Houve um tempo em que os ingleses dominavam a Terra, e o faziam a bordo de grandes embarcações, cujo requinte de tecnologia se limitava a bússola, astrolábio e mapa. A saga da conquista do mundo pela Armada britânica é apresentada em “Mestre dos Mares — O Lado mais Distante do Mundo”, um portento de Peter Weir. Baseado em uma série de livros do irlandês Patrick O’Brian, o filme é protagonizado pelo fictício capitão Jack Aubrey, que discorre acerca de sua experiência junto ao célebre comandante Nelson, que existiu mesmo e, além de exímio marujo, era um líder respeitado e dono de uma reputação invejável, mesmo antes de chefiar os ingleses na batalha que derrotou Napoleão, em Trafalgar. O combate que acontece logo no início da história é um dos mais vibrantes já levados à telona. É daí que emerge o ímpeto de Aubrey em encurralar o navio francês, claramente superior ao seu, numa coordenada qualquer do Oceano Pacífico. Sobra até uma menção ao Brasil, como quando ao fazer uma parada para abastecer, o comandante se encanta por uma bonita mulata, a única mulher ao longo de mais de duas horas de filme. Para o bem ou para o mal, mais atrizes mulheres não fazem falta: a trama é digna de figurar em qualquer antologia sobre histórias de guerra, de combates sobre o mar ou de aventura, simplesmente. Clássicão dos bons.
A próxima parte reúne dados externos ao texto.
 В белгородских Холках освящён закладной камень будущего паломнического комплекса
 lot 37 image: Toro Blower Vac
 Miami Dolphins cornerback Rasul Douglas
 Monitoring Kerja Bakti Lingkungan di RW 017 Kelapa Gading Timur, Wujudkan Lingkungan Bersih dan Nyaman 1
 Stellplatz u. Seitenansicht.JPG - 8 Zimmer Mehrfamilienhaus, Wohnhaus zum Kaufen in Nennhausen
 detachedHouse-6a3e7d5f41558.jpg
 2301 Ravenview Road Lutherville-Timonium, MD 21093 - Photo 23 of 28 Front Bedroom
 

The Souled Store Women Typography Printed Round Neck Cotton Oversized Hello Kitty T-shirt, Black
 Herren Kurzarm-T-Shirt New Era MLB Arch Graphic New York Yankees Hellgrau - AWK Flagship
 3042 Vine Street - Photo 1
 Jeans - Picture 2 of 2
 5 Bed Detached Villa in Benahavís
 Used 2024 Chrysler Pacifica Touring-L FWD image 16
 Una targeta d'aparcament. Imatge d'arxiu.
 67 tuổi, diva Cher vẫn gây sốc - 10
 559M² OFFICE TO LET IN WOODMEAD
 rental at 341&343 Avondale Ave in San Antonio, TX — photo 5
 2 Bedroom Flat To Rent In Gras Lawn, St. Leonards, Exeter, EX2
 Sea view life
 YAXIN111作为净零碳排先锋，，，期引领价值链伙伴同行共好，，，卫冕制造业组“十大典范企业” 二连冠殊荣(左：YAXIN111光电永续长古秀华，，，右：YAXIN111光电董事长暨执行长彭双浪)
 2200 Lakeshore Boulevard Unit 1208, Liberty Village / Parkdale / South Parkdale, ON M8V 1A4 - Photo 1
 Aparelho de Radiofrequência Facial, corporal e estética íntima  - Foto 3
“2001 — Uma Epopeia na Terra-Média”. Fazendo-se um trocadilhozinho o seu tanto infame com a obra-prima de Stanley Kubrick, esse poderia ser o nome do primeiro volume de uma das trilogias mais memoráveis da história do cinema. Como a de Kubrick, a trama de “O Senhor dos Anéis: A Sociedade do Anel” também é uma distopia que fala de outro mundo, outra realidade, outros povos, outra postura frente à vida. E faz mais ainda: resgata o gosto da audiência por aventuras grandiosas ao fomentar novas perspectivas acerca da fusão entre a literatura fantástica e um enredo fílmico. No longa, Peter Jackson traz a saga de Frodo Bolseiro, que conta com um anel que lhe daria o domínio de todas as criaturas que habitam a Terra-Média, cenário em que transcorre a narrativa. A história anda, e conforme esse novelo se desenrola, se assiste a sequências de guerra pretensiosas, em que seres humanos e elfos lutam contra orcs e outras entidades malignas. Tudo rigorosamente calculado, a fim de não desapontar o espectador mais preciosista. Para tanto, foi desenvolvido um software exclusivo para o filme, em que era possível se criar uma infinidade de guerreiros, cada um apresentando seus próprios movimentos, sem sincronia, de maneira a tornar irrefutável o argumento de que uma carnificina estava mesmo em curso. Com essa primeira, e bem-sucedida, empreitada no universo encantado de J.R.R. Tolkien, Peter Jackson dirimiu qualquer dúvida de que o cinema não seguiria igual depois dele. Foi presunçosamente profético – e garantiu seu lugar na história da sétima arte.

No ano 2000, Ridley Scott se propôs um desafio: convencer o público a abandonar um pouco a comodidade da tecnologia que se aboletava de vez na sociedade e viajasse para a Roma Antiga, perdida para sempre num tempo tão bárbaro que arenas no centro da cidade eram palco para espetáculos em que escravos e feras lutavam entre si, até que apenas um restasse com vida. O veículo no qual se deveria embarcar rumo a essa jornada era o épico “Gladiador”. A história se funda no meticuloso plano de vingança de Maximus Decimus Meridius, um general destituído de sua alta patente e de sua própria dignidade depois da traição de Commodus, o filho ardiloso do imperador Marcus Aurelius. Commodus mata o pai e usurpa a coroa; aliado do soberano morto, Maximus acaba sendo escravizado e, posteriormente, se transforma num gladiador, a fim de vingar Marcus Aurelius e a própria família, também assassinada a mando do tirano, que agora concentra todo o poder com mãos de ferro.